Dyana
Williams, Kenny Gamble and Ed Wright founded
Black Music Month in June 1979. Also known as
African American music Appreciation Month, it
was first officially celebrated by President
Jimmy Carter with a White House reception.
Carter created a platform to recognize and
celebrate music, and many Black music
executives held celebrations over the years to
recognize the month. President Bill Clinton
issued a presidential proclamation recognizing
Black Music Month. His proclamation was
“recognizing the importance of African
American music to global culture and calling
on the people of the United States to study,
reflect on, and celebrate African American
Music”. Then, in 2009, President Barack Obama
renamed it African American Music Appreciation
Month. The Obama proclamation, elegantly
written, talked about spirituals lifting
voices into the heavens during enslavement,
and talked about the various genres of Black
music including blues, jazz soul, rock and
roll, gospel, and symphony. In the 2016
proclamation, one of Obama’s last, the
nation’s first Black president said, “African
American music helps us imagine a better world
and offers hope that we will get there
together.”
Now in this Black Music Month
2025, we have lost a musical icon, one whose
music was a soundtrack to my teen life. Sly
Stone, the front man for the band Sly and the
Family Stone, made his transition this month,
and all I could do was reflect on the music,
the lyrics, and the meaning of the unifying
messages. Who could sit when the DJ was
playing Dance to the
Music, or I Want to Take
You Higher, or Thank You for
Letting Me Be Myself Again. Who could not think about unity
and acceptance when they heard Everyday
People? Who could not fail to feal
affirmed when they heard Everybody is a
Star, with the powerful line. “I love
you for who you are, not for who you feel a
need to be.”
Sly Stone mixed genres – funk,
soul, rock, gospel, and psychodelia. He was
ahead of the curve with his multiracial band,
something not often seen in the late sixties
and early seventies. Some of his music became
anthems, while others remain summertime/family
picnic staples like Family Affair,
Hot Fun in the Summertime, or Dance to the
Music. What a joy and inspiration
Sly Stone was. Indeed, I can’t think
about Sly Stone’s music without humming or
getting out of my desk chair to shake my
stuff, if only for a minute.
It
is unlikely that the current President will
issue a proclamation to celebrate African
American Music Appreciation Month. It would
likely violate his anti-DEI edicts. We don’t
need Presidential approval, or anyone else’s
for that matter, to appreciate the richness of
Black music. The election of this President
ought to inspire us to excavate our history,
to celebrate the genius of James Weldon and
his brother J. Rosamond Johnson. It ought to
remind us of those early musicians who took
spoons to pots to create a beat, or those
gospel singers who invoked the sweet chariot
coming forth to carry me home. It ought to
lift subterfuge, how we used hidden meaning in
songs to communicate.
Our
nation is under siege. The man who lives in
the House that Enslaved People Built has
deployed 4000 National Guard members and 700
Marines to Los Angeles against the wishes of
Governor Gavin Newsome and Mayor Karen Bass.
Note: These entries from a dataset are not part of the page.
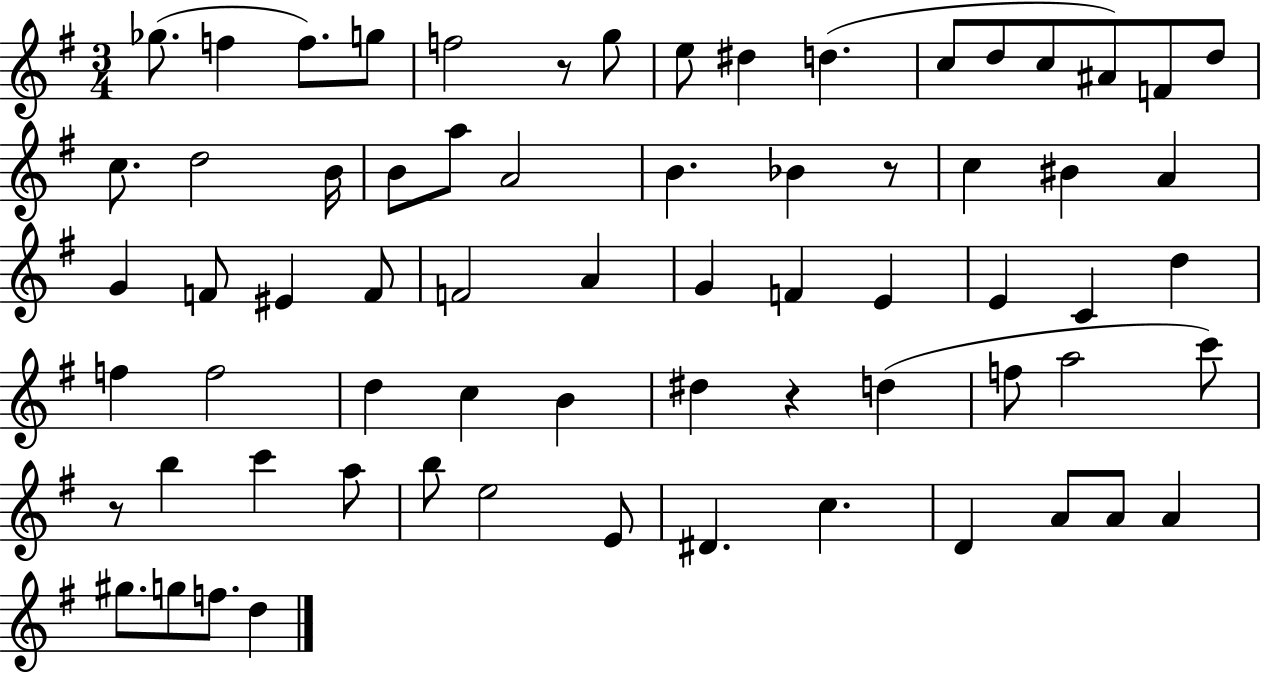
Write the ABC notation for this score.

X:1
T:Untitled
M:3/4
L:1/4
K:G
_g/2 f f/2 g/2 f2 z/2 g/2 e/2 ^d d c/2 d/2 c/2 ^A/2 F/2 d/2 c/2 d2 B/4 B/2 a/2 A2 B _B z/2 c ^B A G F/2 ^E F/2 F2 A G F E E C d f f2 d c B ^d z d f/2 a2 c'/2 z/2 b c' a/2 b/2 e2 E/2 ^D c D A/2 A/2 A ^g/2 g/2 f/2 d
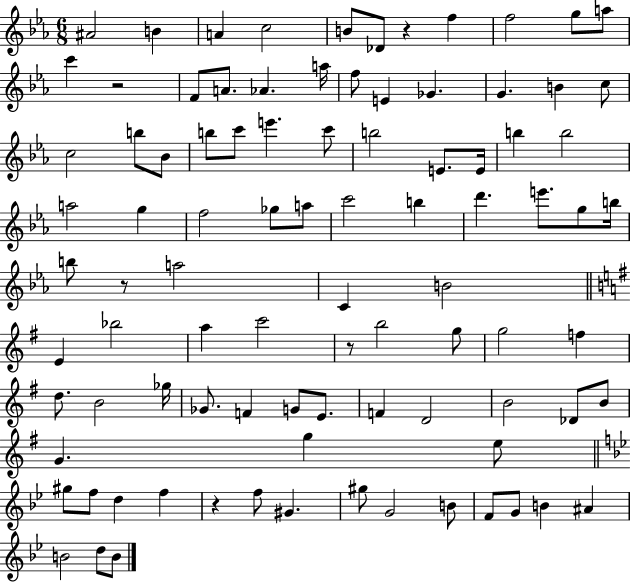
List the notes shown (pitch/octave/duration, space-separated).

A#4/h B4/q A4/q C5/h B4/e Db4/e R/q F5/q F5/h G5/e A5/e C6/q R/h F4/e A4/e. Ab4/q. A5/s F5/e E4/q Gb4/q. G4/q. B4/q C5/e C5/h B5/e Bb4/e B5/e C6/e E6/q. C6/e B5/h E4/e. E4/s B5/q B5/h A5/h G5/q F5/h Gb5/e A5/e C6/h B5/q D6/q. E6/e. G5/e B5/s B5/e R/e A5/h C4/q B4/h E4/q Bb5/h A5/q C6/h R/e B5/h G5/e G5/h F5/q D5/e. B4/h Gb5/s Gb4/e. F4/q G4/e E4/e. F4/q D4/h B4/h Db4/e B4/e G4/q. G5/q E5/e G#5/e F5/e D5/q F5/q R/q F5/e G#4/q. G#5/e G4/h B4/e F4/e G4/e B4/q A#4/q B4/h D5/e B4/e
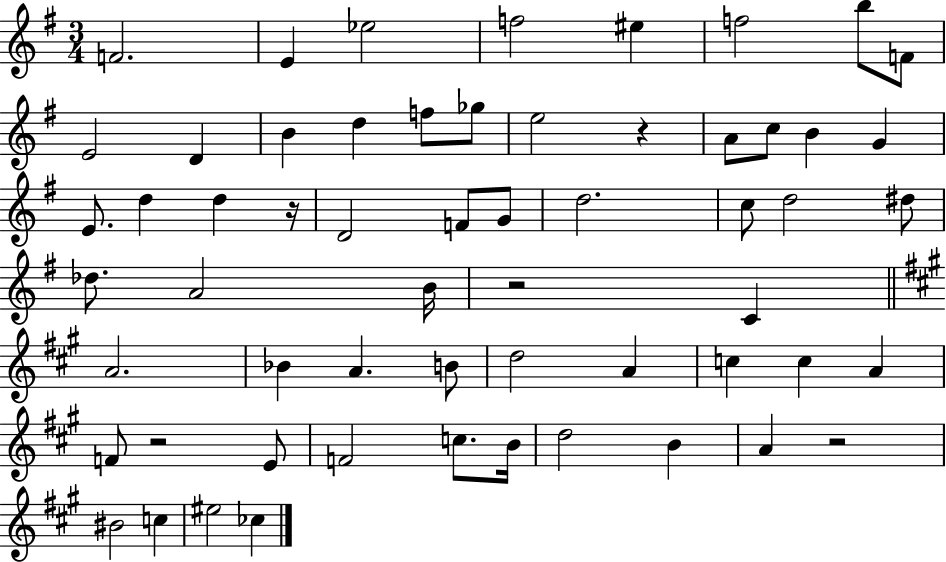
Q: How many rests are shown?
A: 5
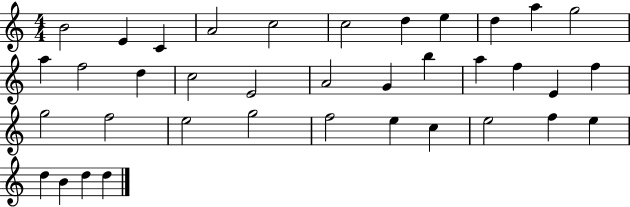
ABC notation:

X:1
T:Untitled
M:4/4
L:1/4
K:C
B2 E C A2 c2 c2 d e d a g2 a f2 d c2 E2 A2 G b a f E f g2 f2 e2 g2 f2 e c e2 f e d B d d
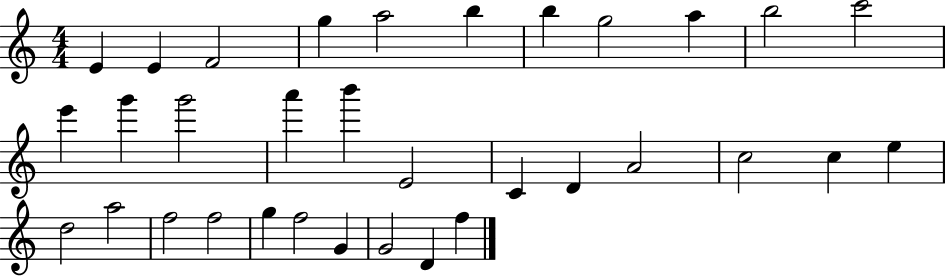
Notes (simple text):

E4/q E4/q F4/h G5/q A5/h B5/q B5/q G5/h A5/q B5/h C6/h E6/q G6/q G6/h A6/q B6/q E4/h C4/q D4/q A4/h C5/h C5/q E5/q D5/h A5/h F5/h F5/h G5/q F5/h G4/q G4/h D4/q F5/q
His clueless Defenses Secretary can’t say what
military operations will be affected by these
deployments. We are in for a fight for our
democracy, and the World Bank has said that
the world economy will be in the worse shape
it has been since the 1960s. And yet I write
about music because we need the joy. -Enslaved
people sang. Incarcerated people sang. Civil
rights workers and protestors sang. Because,
as President Obama said, “music helps us of a
better world, and offers us hope that we can
get there together. Let’s celebrate Black
Music and Sly Stone this month. Let us savor
our music and revel in our rich history.